**BRIEF**:
Below is a block of records; return all of them exactly, but without the images.

**RECORDS FOR THE TASK**:
----------
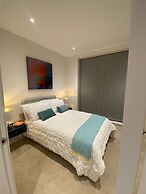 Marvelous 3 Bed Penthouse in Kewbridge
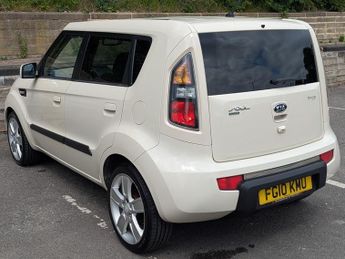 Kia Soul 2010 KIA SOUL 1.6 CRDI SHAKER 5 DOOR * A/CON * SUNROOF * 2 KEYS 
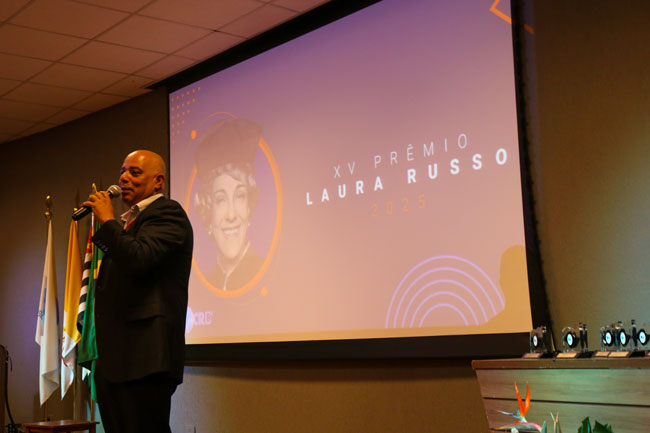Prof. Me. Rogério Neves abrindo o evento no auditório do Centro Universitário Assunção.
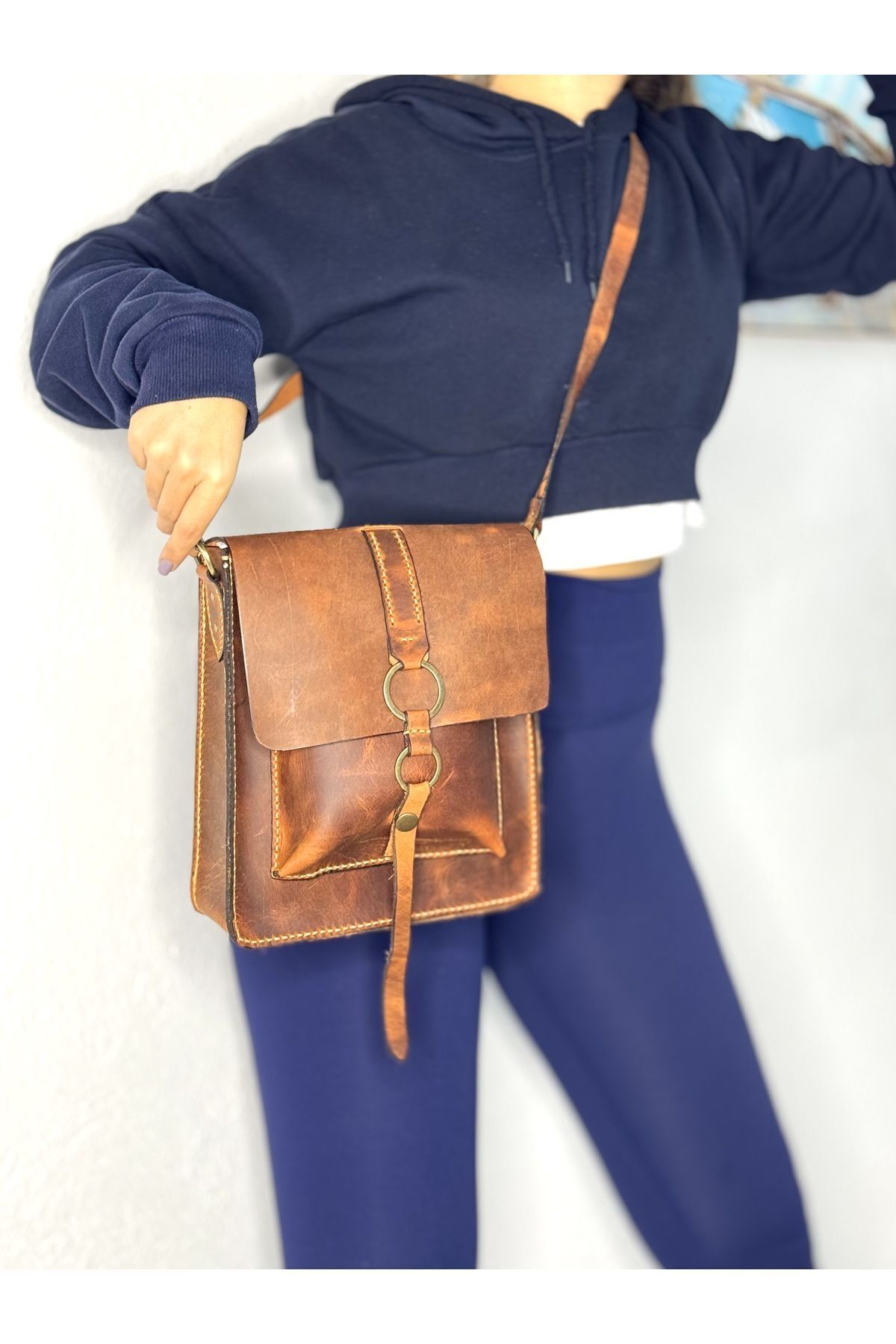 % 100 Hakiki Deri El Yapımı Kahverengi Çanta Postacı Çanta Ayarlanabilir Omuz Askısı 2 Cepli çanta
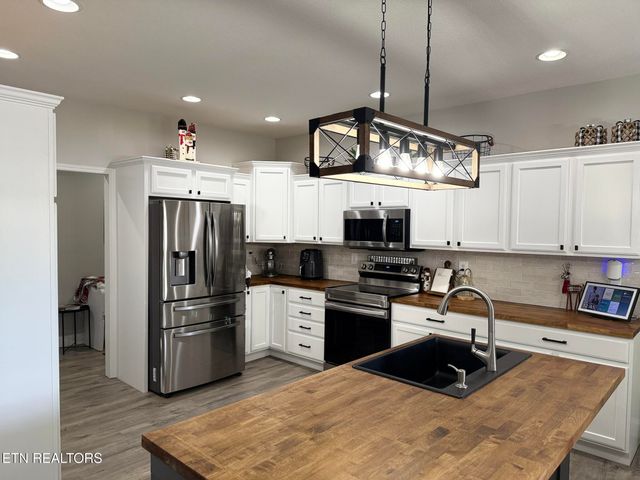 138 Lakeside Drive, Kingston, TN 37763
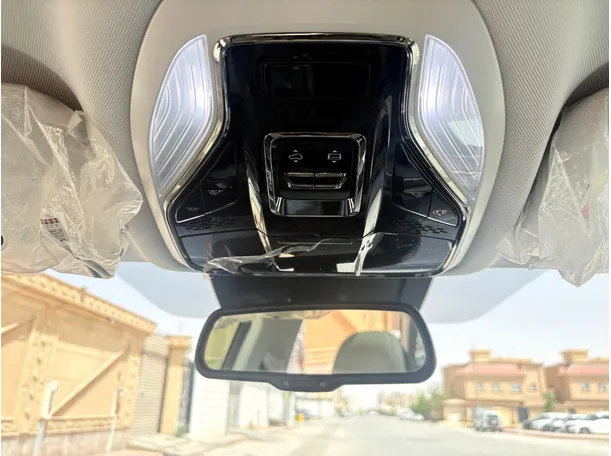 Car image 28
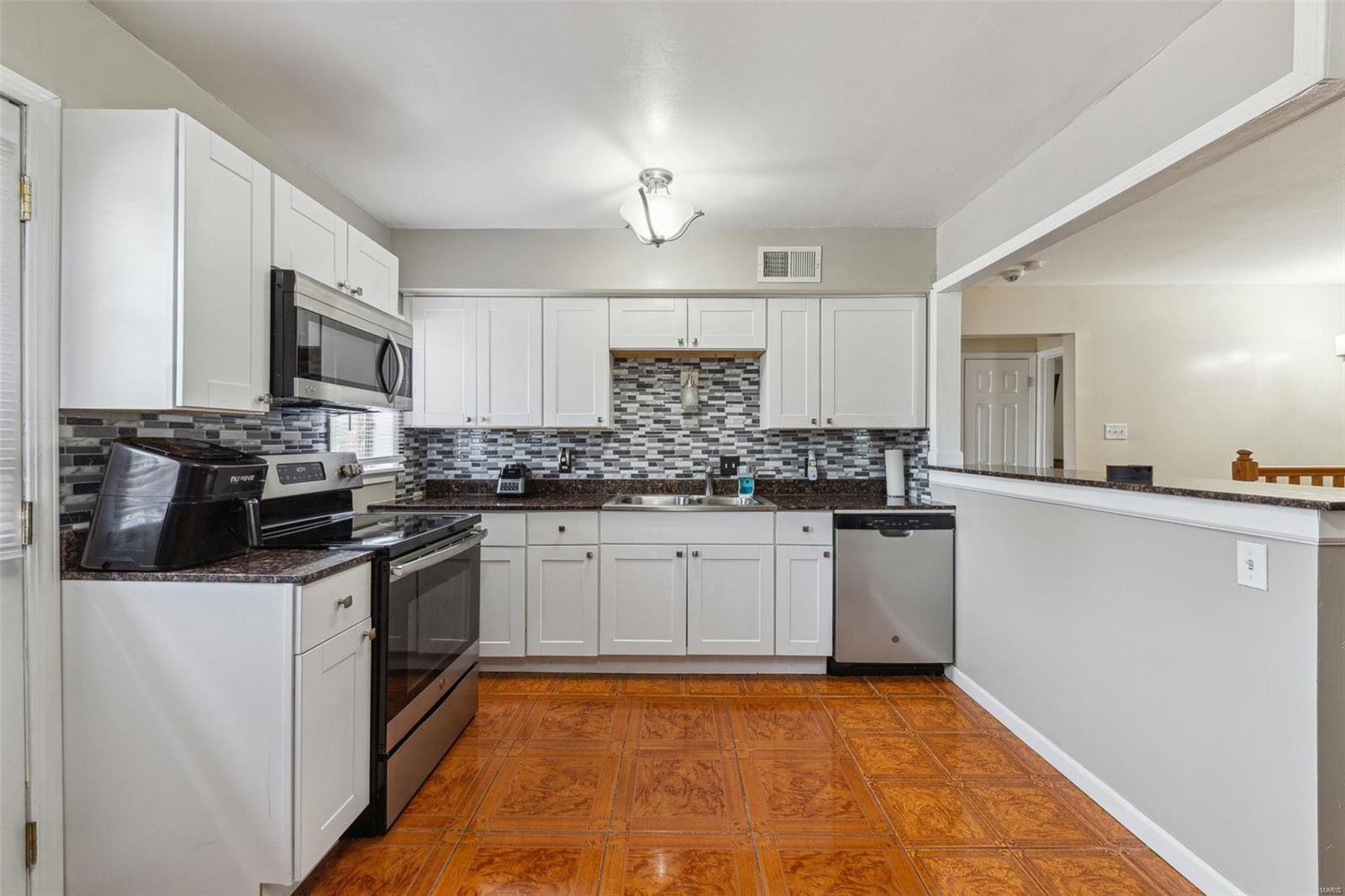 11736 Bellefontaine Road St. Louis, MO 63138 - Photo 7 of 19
----------
**RESPONSE FOR THIS EXERCISE**:
 Marvelous 3 Bed Penthouse in Kewbridge
 Kia Soul 2010 KIA SOUL 1.6 CRDI SHAKER 5 DOOR * A/CON * SUNROOF * 2 KEYS 
Prof. Me. Rogério Neves abrindo o evento no auditório do Centro Universitário Assunção.
 % 100 Hakiki Deri El Yapımı Kahverengi Çanta Postacı Çanta Ayarlanabilir Omuz Askısı 2 Cepli çanta
 138 Lakeside Drive, Kingston, TN 37763
 Car image 28
 11736 Bellefontaine Road St. Louis, MO 63138 - Photo 7 of 19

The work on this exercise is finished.